The records below are to be set down word for word, with every picture left out.

════════════════

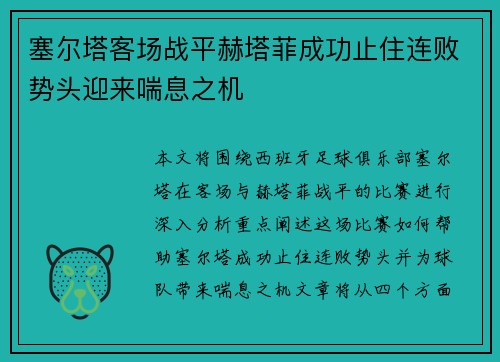 塞尔塔客场战平赫塔菲成功止住连败势头迎来喘息之机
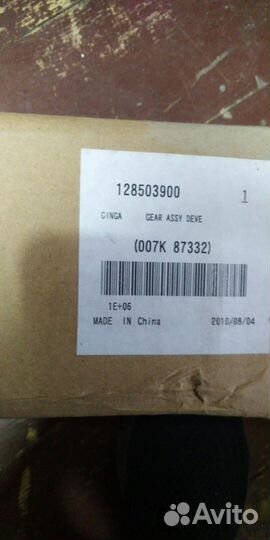 130K87332/007K87332 Датчик высоты стопки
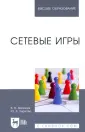 Чиркова Юлия Васильевна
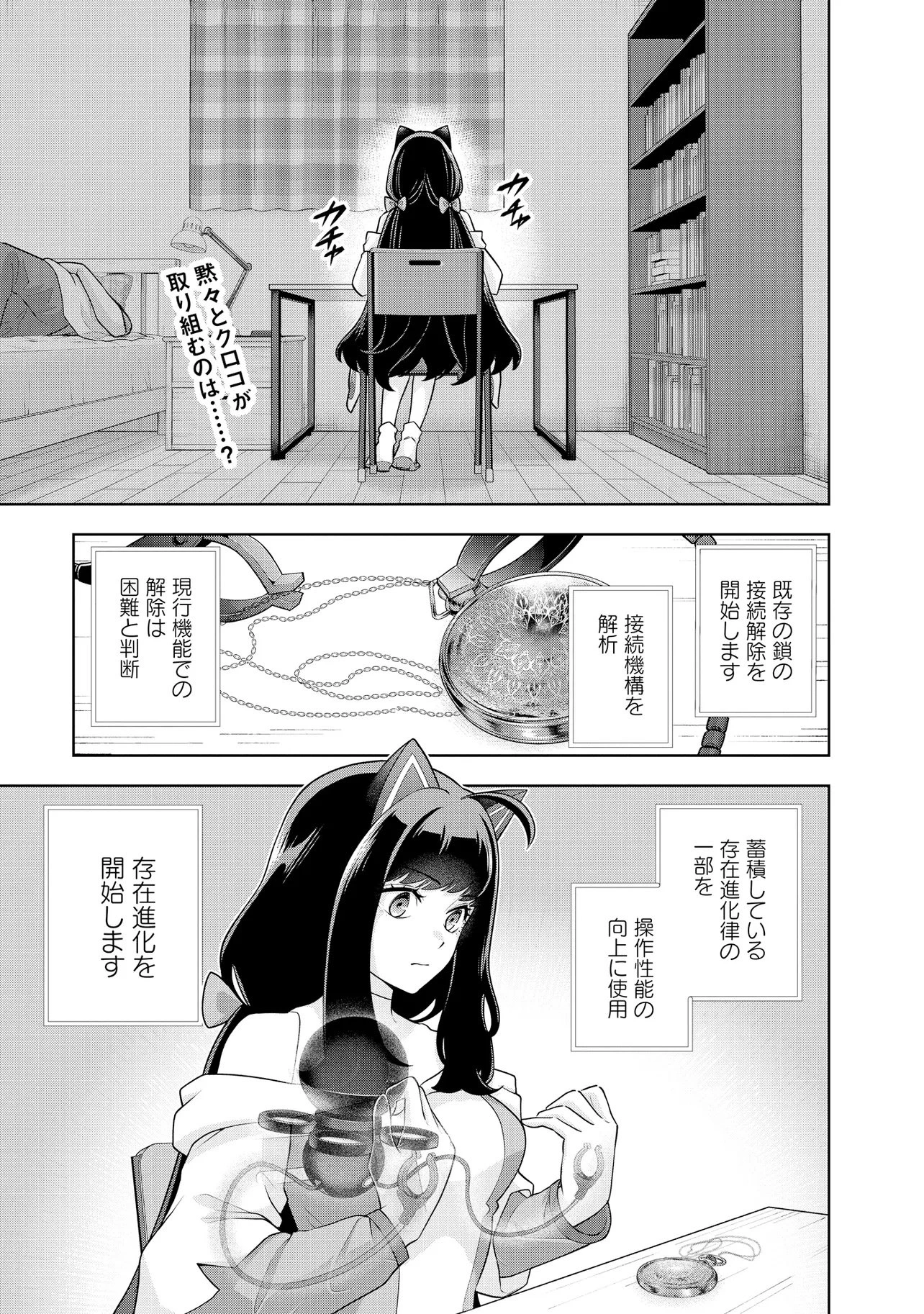 レアモンスター？それ、ただの害虫ですよ ～知らぬ間にダンジョン化した自宅での日常生活が配信されてバズったんですが～ 第68話 - 1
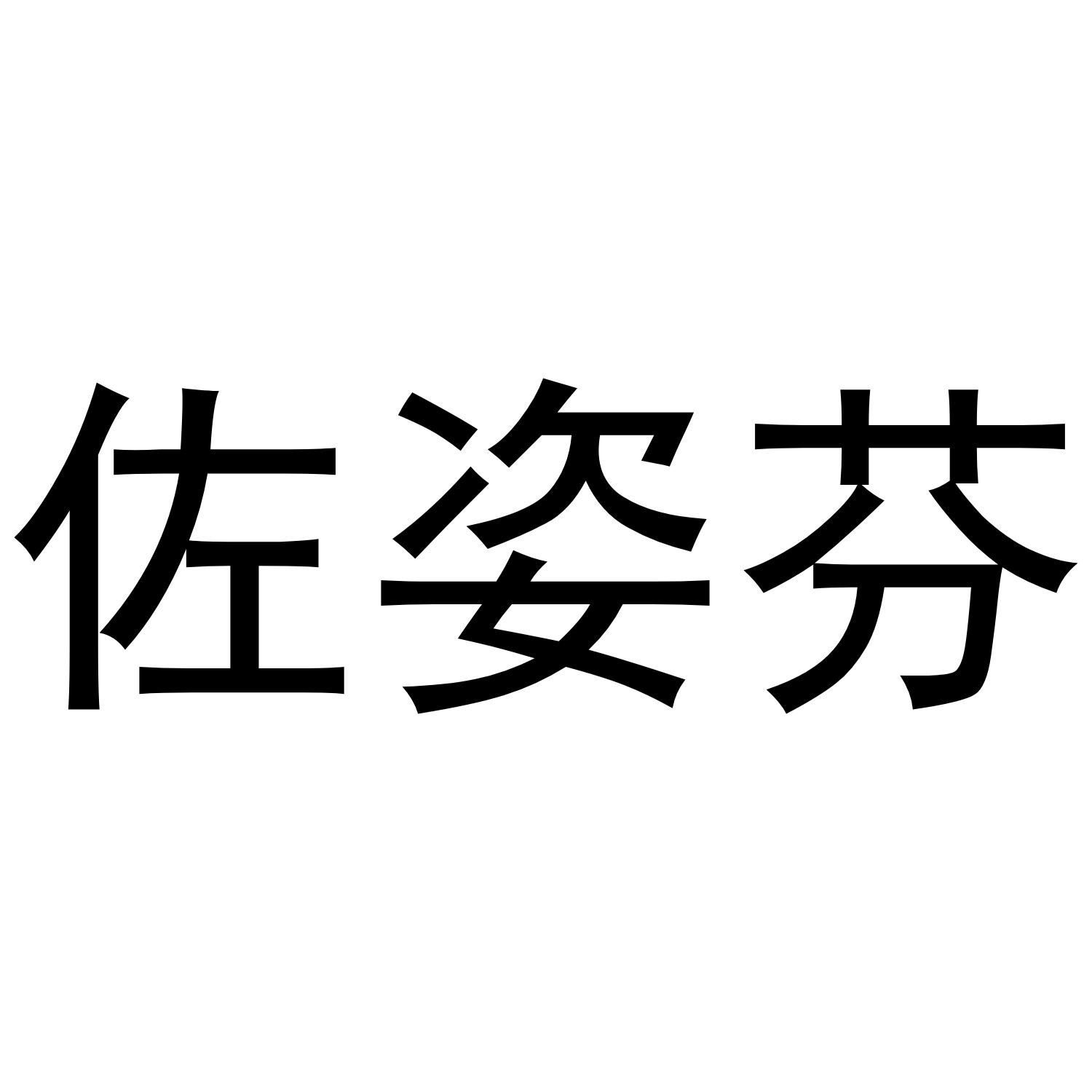 佐姿芬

════════════════

§ The completed task
 塞尔塔客场战平赫塔菲成功止住连败势头迎来喘息之机
 130K87332/007K87332 Датчик высоты стопки
 Чиркова Юлия Васильевна
 レアモンスター？それ、ただの害虫ですよ ～知らぬ間にダンジョン化した自宅での日常生活が配信されてバズったんですが～ 第68話 - 1
 佐姿芬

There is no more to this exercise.